Burial of sessile feeders such as crinoids in situ and the occurrence of arthropod trace fossils proves that the overlying water was oxygenated. Deposition of fine grained mudstone is not sufficient to preserve soft tissue, nor is rapid burial on its own. Rapid burial and pyritisation are needed.

Conditions for intact burial and pyritisation of fossils developed locally and were of short duration. This explains why the majority of the Hunsrück fauna are disarticulated and not exceptionally preserved. The best preserved fossils occur in localised areas, within certain units.

Although many fossils occur in situ, the more vagile forms were transported over very short distances to low lying areas of the sea floor. Turbidite currents resulted in rapid burial in a variety of orientations to bedding surfaces.

   

The trilobite Chotecops in a variety of orientations.

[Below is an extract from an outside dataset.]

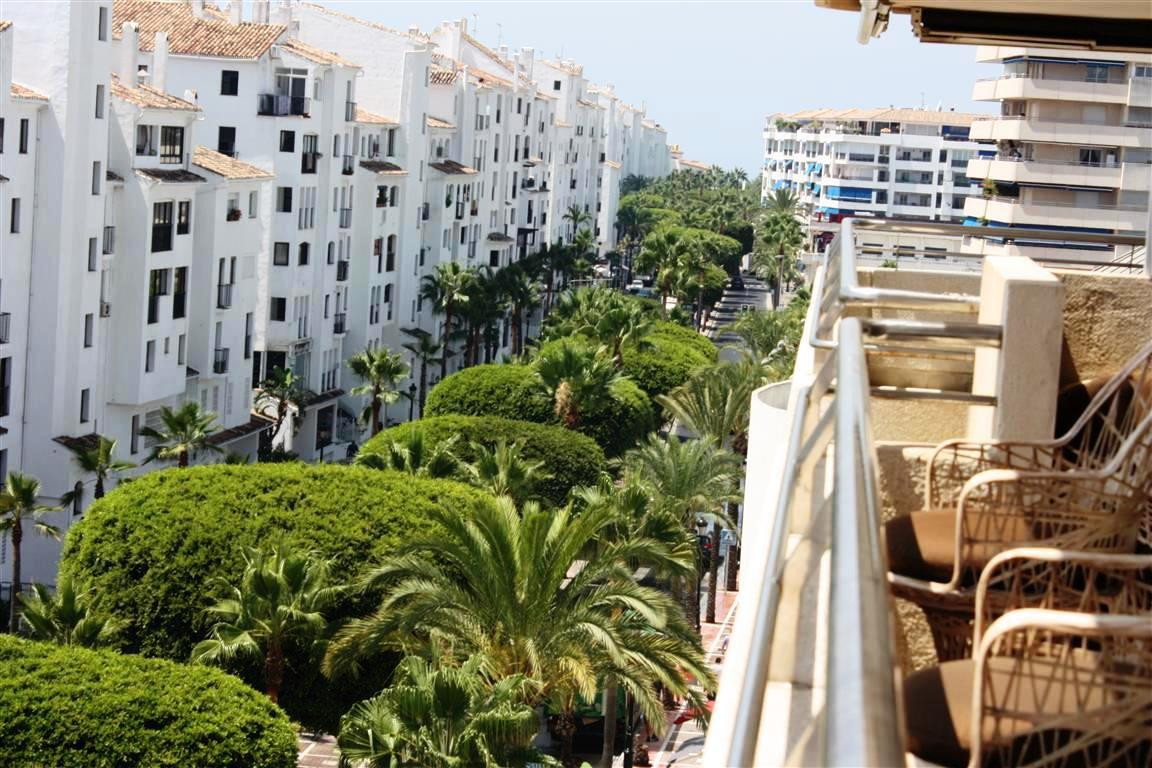 3 Bedroom Apartment for Sale in Puerto Banús — 5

Taken from Bartels, Briggs and Brassel, The Fossils of the Hunsruck Slate, Marine Life in the Devonian, Cambridge University Press, figure 33, p. 48, collection Bartels in German Mining Museum Bochum, Coll Bartels, by kind permission of the Bergbau Museum, Germany.

Various organisms including the ophiuroid Furcaster palaeozoicus, a small crinoid and fragments of the bizarre arthropod Mimetaster hexagonalis.

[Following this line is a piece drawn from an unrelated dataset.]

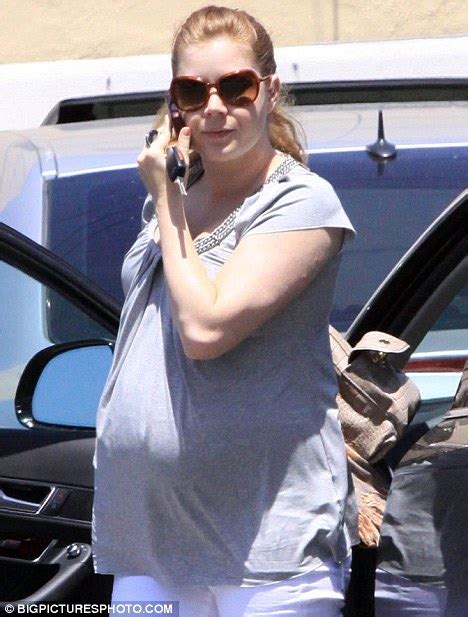 amy adams looks ready to give birth any day now daily mail online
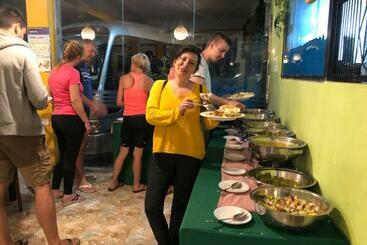 Majatalo Achinika Holiday Inn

Taken from Bartels, Briggs and Brassel, The Fossils of the Hunsruck Slate, Marine Life in the Devonian, Cambridge University Press, figure 23, p. 38, collection Bartels in German Mining Museum Bochum, Coll Bartels, by kind permission of the Bergbau Museum, Germany.

Rapid burial protects the fossil from scavengers that thrive in oxygen-rich environments. The various orientations seen in the diagrams of Chotecops and of the assemblage below indicate the flora and faunas were killed by a sediment-laden density current.

PYRITISATION

Early pyritisation not only preserves relief but it also allows the fossils to be analysed using x-radiography. Pyrite has the ability to absorb x-rays whilst they penetrate the mudstone matrix.

Extensive pyritisation is confined to the Bundenbach and Gemünden areas. Skeletons can be either covered with a thin film of pyrite or replaced by fine crystals. Appendages of arthropods occur because after muscle has decayed pyrite precipitates from within the exoskeleton to infill appendages before the collapse of the limbs.

The trilobite Chotecops and the remarkable preservation of its appendages.

Taken from Bartels, Briggs and Brassel, The Fossils of the Hunsruck Slate, Marine Life in the Devonian, Cambridge University Press, figure 113, P136, collection Bartels in German Mining Museum Bochum, Coll Bartels, by kind permission of the Bergbau Museum, Germany.

Pyritisation of soft tissue is rare in the fossil record, other examples are: Beecher's Trilobite Bed in Upper Ordovician of New York State and La Voulte Sur Rhone in the Middle Jurassic of SE France.

Several factors are critical for preservation of soft tissue - rapid burial and the chemistry of the sediment. Surrounding sediments must be low in organic matter so that dissolved iron and sulphur can diffuse to the carcass instead of precipitating in the sediment. High iron concentrations are also needed to promote rapid pyrite formation in association with decaying organic soft parts. Different fossils within a small region and different parts of the same fossil can show varying degrees of pyritisation.